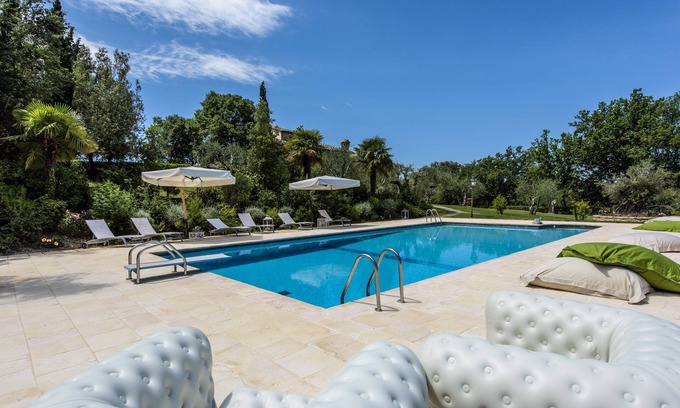 Montespertoli Villa | Luxury villa Bargino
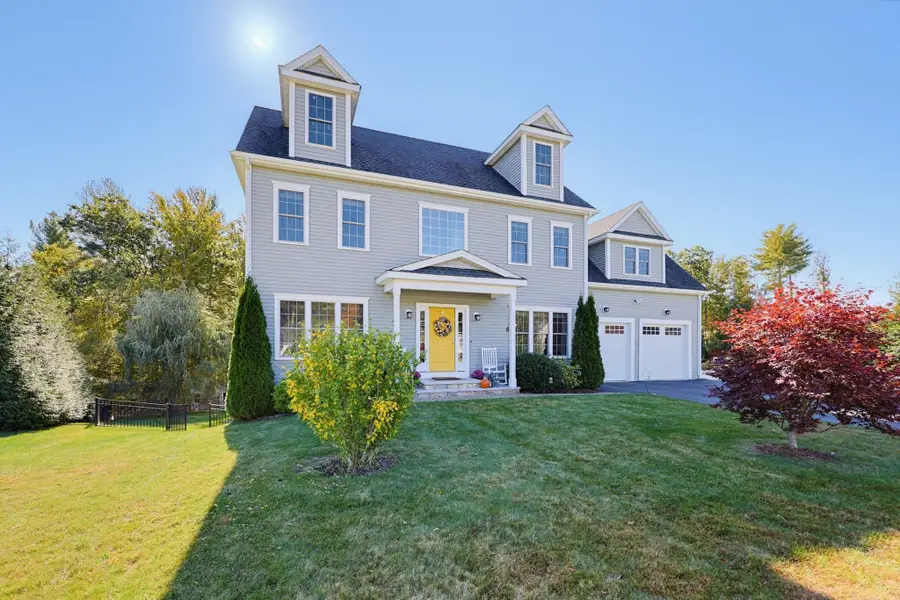 190 Hannah Dr, Northbridge, MA 01588 - #2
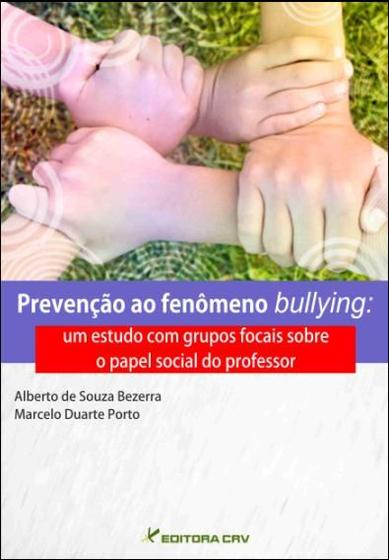 Imagem de Livro - Prevenção ao fenômeno bullying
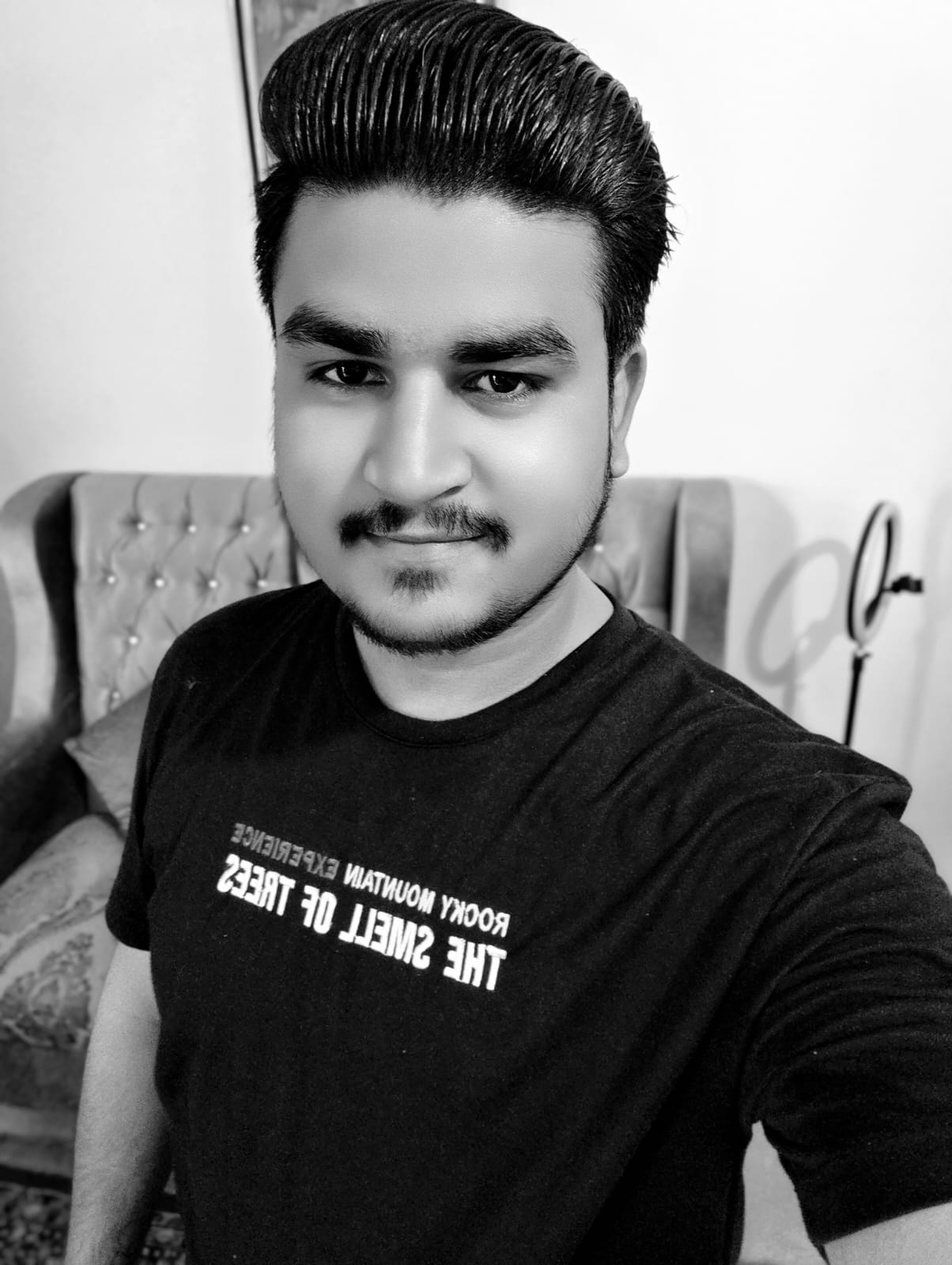 Hammad Shah - Syed Transport Review for Umrah Transport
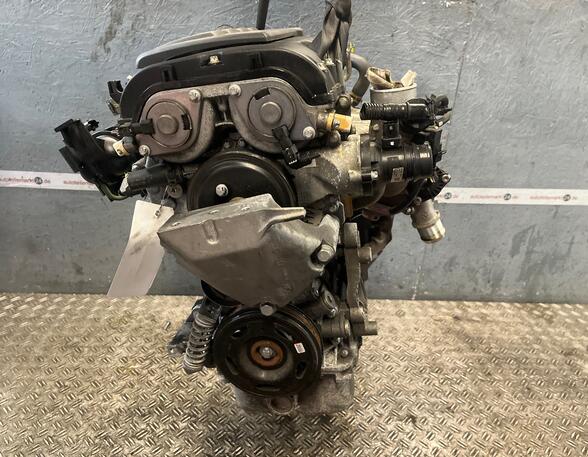 Bare Engine OPEL ASTRA J (P10)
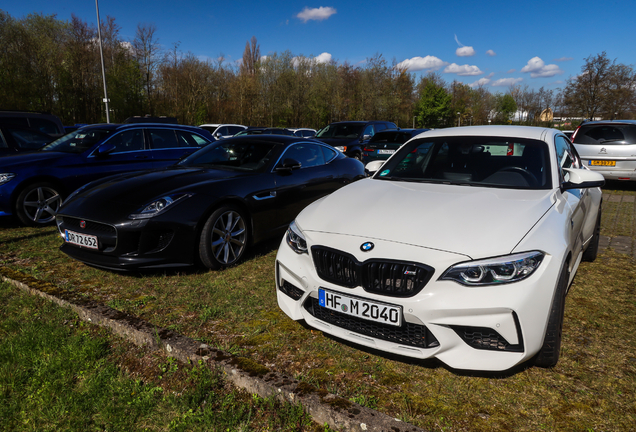 BMW M2 Coupé Competition F87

▸ **WHAT YOU HAVE TO DO**
From the line containing "Hammad Shah - Syed" down to the end of the data above, reproduce each line exactly; no pictures.

▸ **REPLY TO THE EXERCISE**
 Hammad Shah - Syed Transport Review for Umrah Transport
 Bare Engine OPEL ASTRA J (P10)
 BMW M2 Coupé Competition F87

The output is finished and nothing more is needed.